What you should give back is every line from the one containing "7 шт 50*50 см" through the last line of the records below, word for word and without pictures.

------------

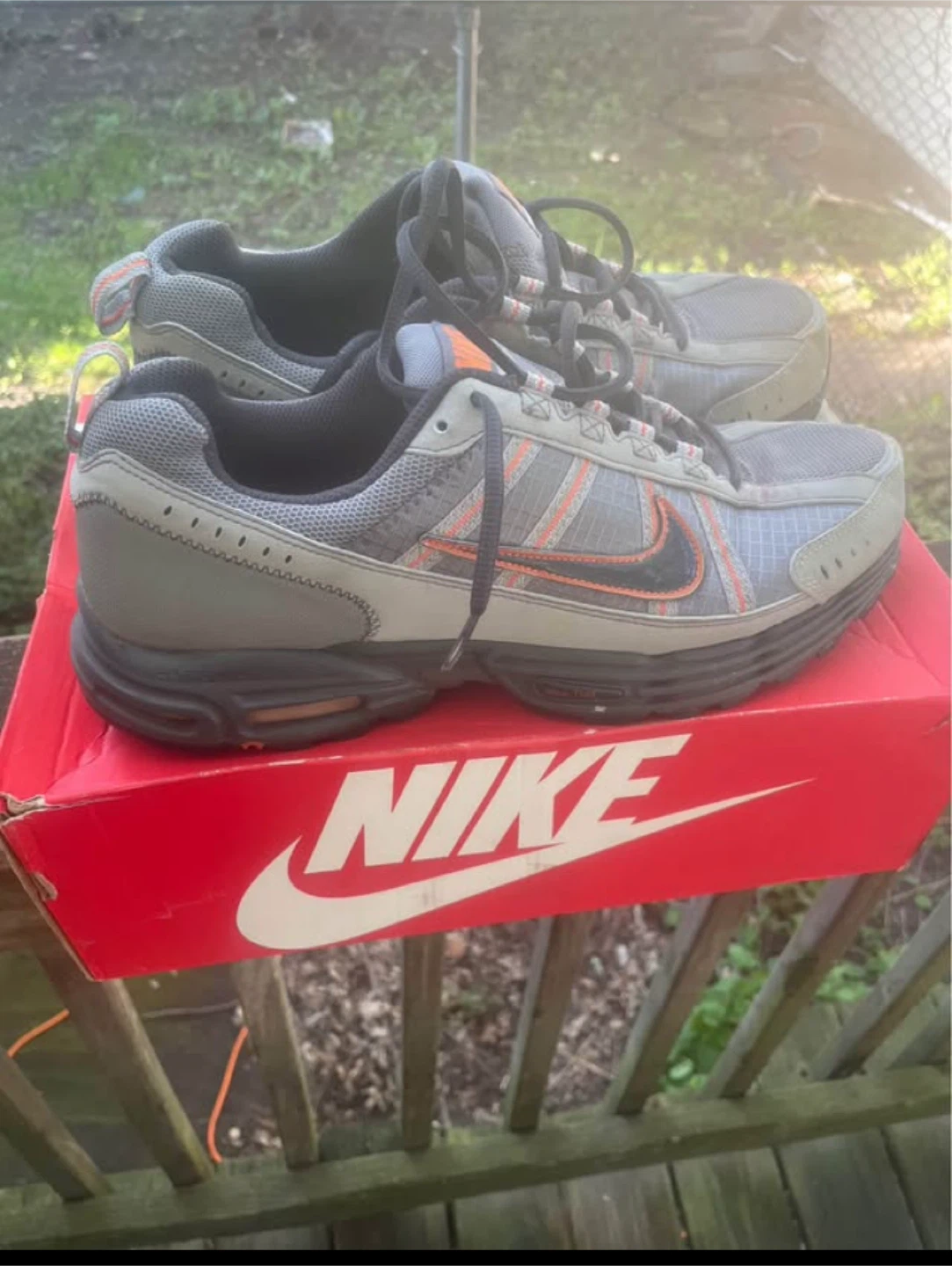 Nike Men's Running Shoes Size 11.5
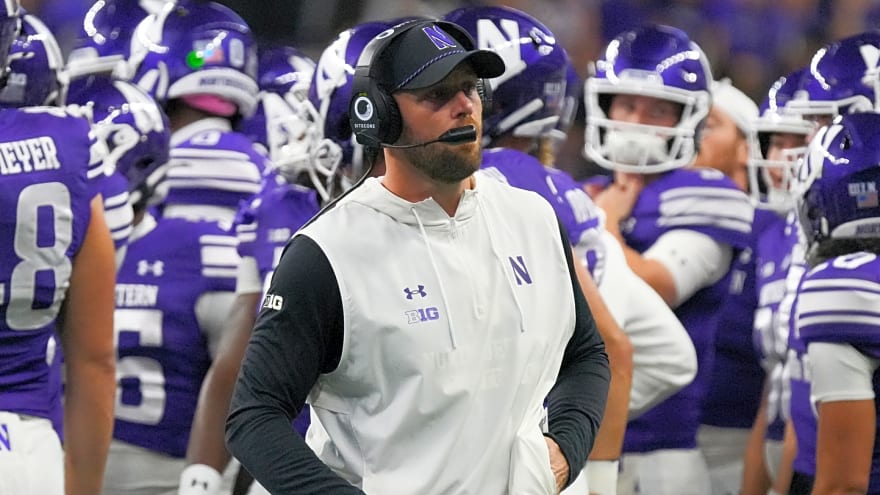 Northwestern's David Braun reignites the Big Ten vs. SEC debate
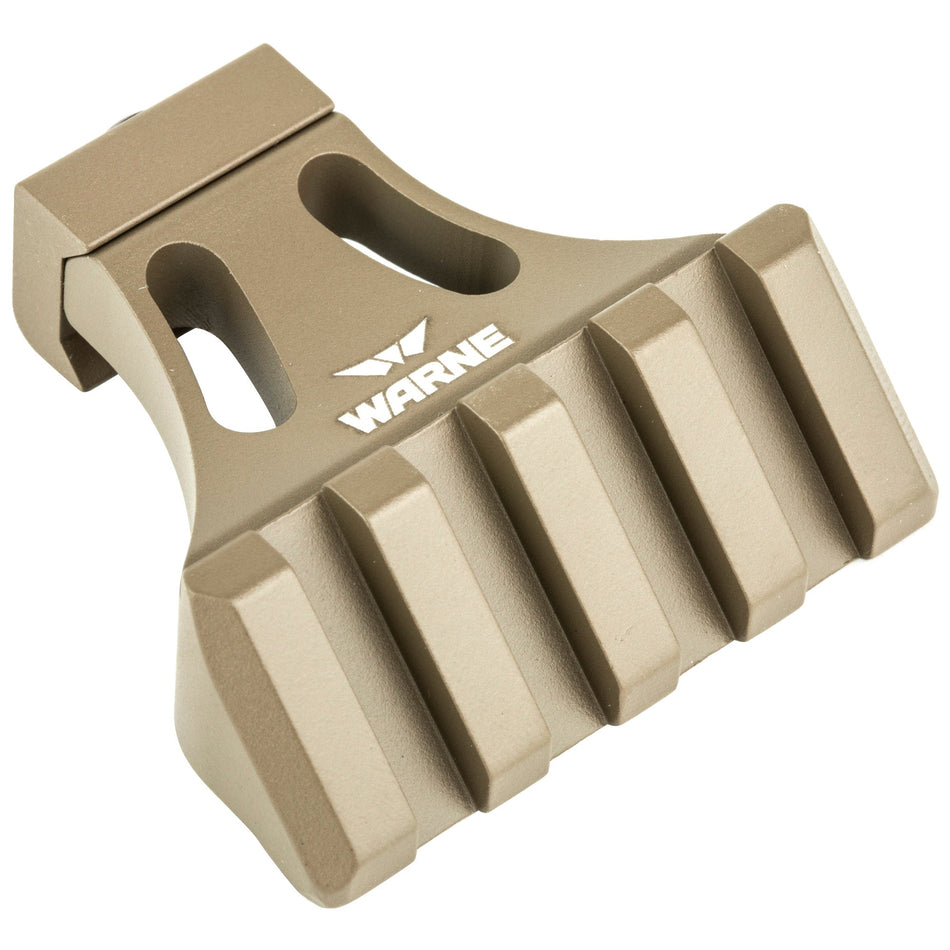 WARNE 45 DEGREE PICATINNY MNT DE - Get Tight Gear
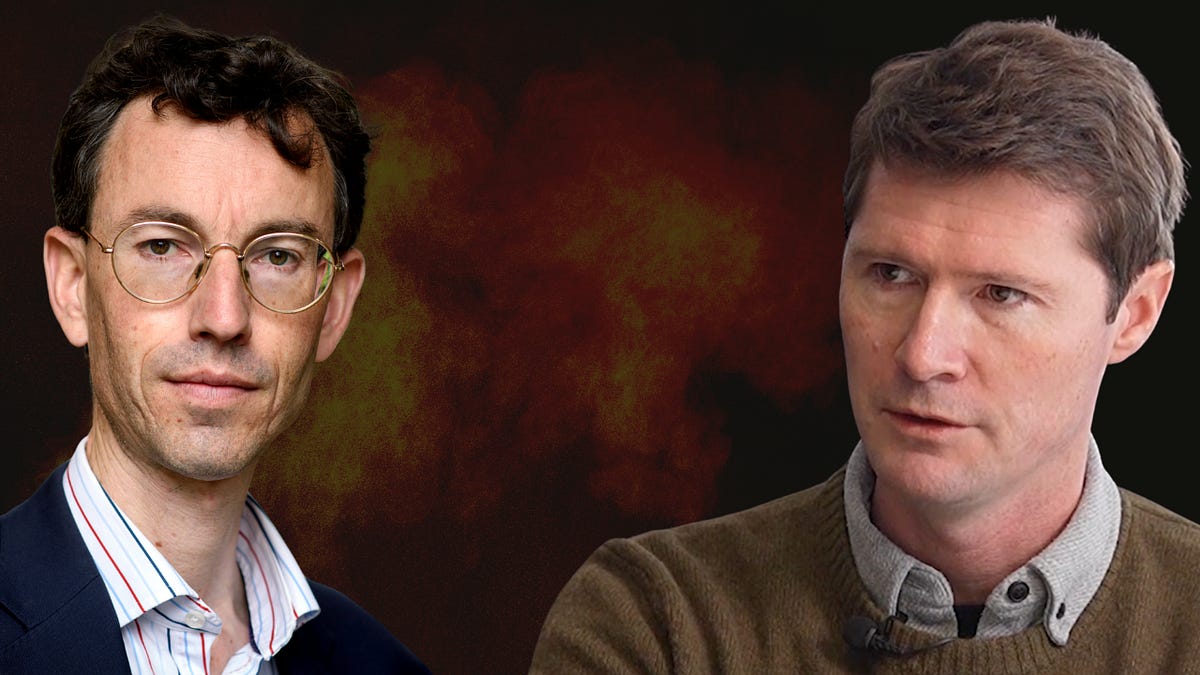 What to Expect When You’re Expecting Great Power Conflict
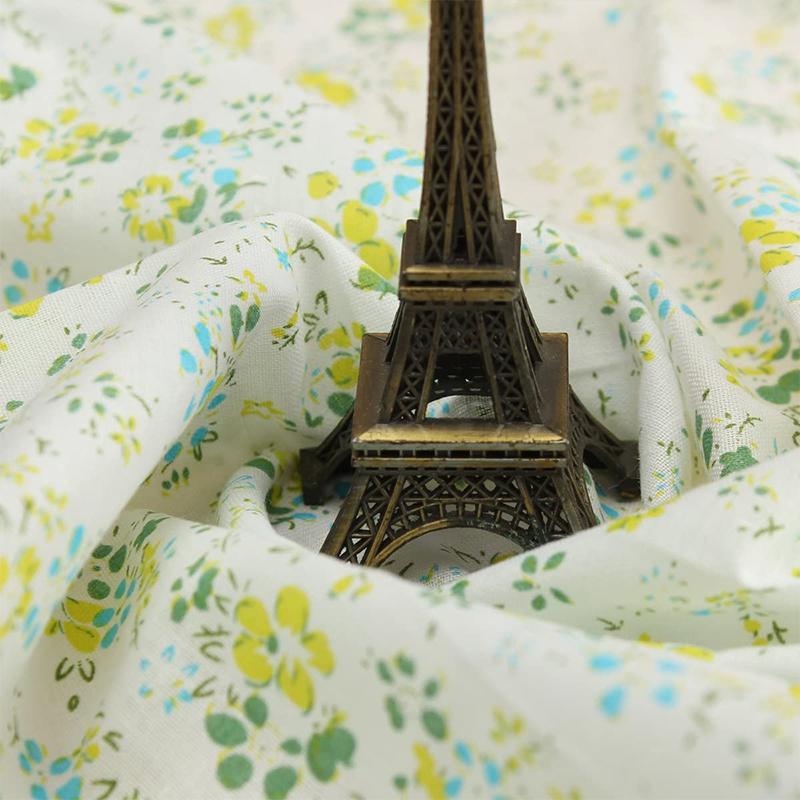 7 шт 50*50 см швейная набивная ткань лоскутное шитье хлопковая ткань набор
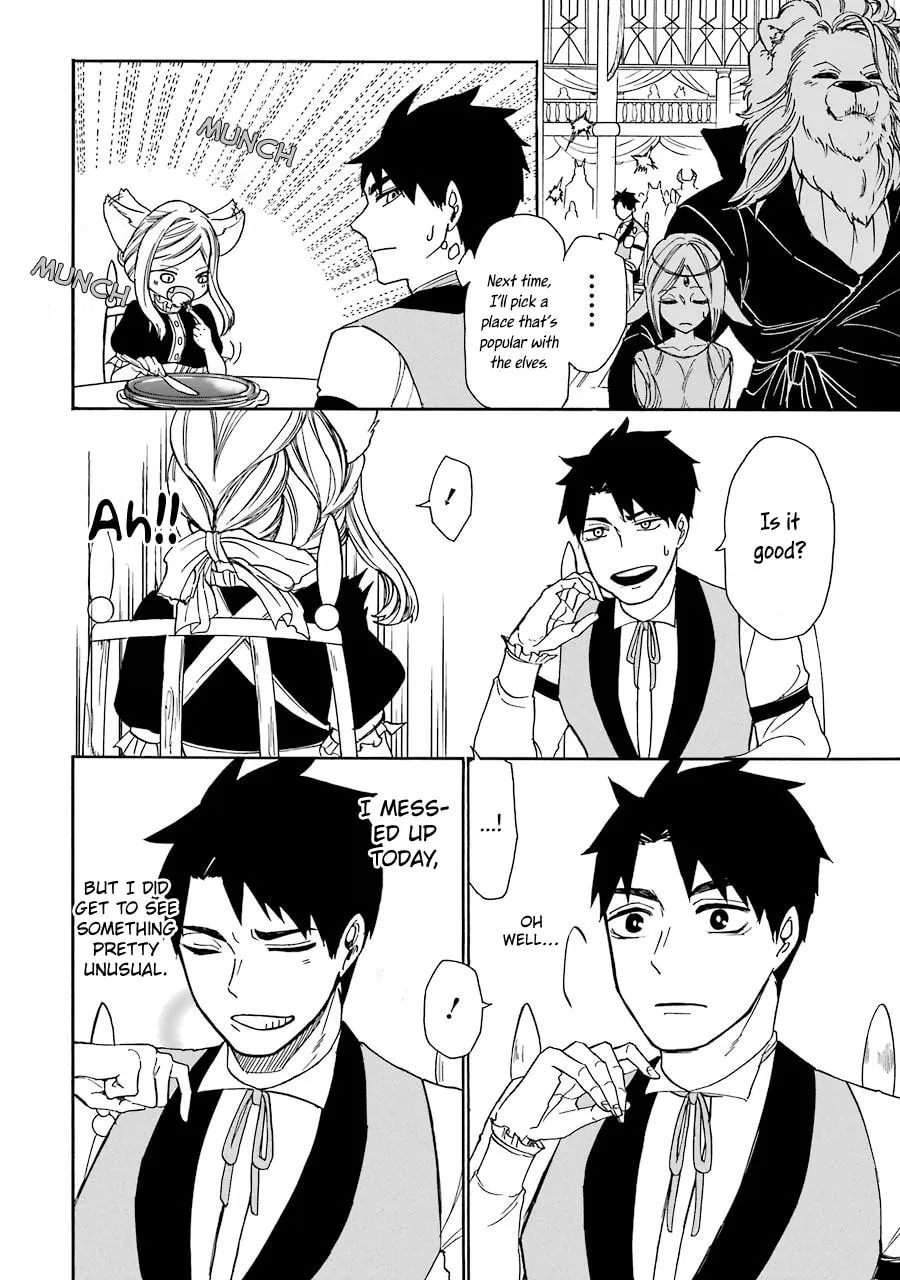 Read Gourmet in Different World. chapter 1 image 28 on Lezhin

------------

> **Task output**:
 7 шт 50*50 см швейная набивная ткань лоскутное шитье хлопковая ткань набор
 Read Gourmet in Different World. chapter 1 image 28 on Lezhin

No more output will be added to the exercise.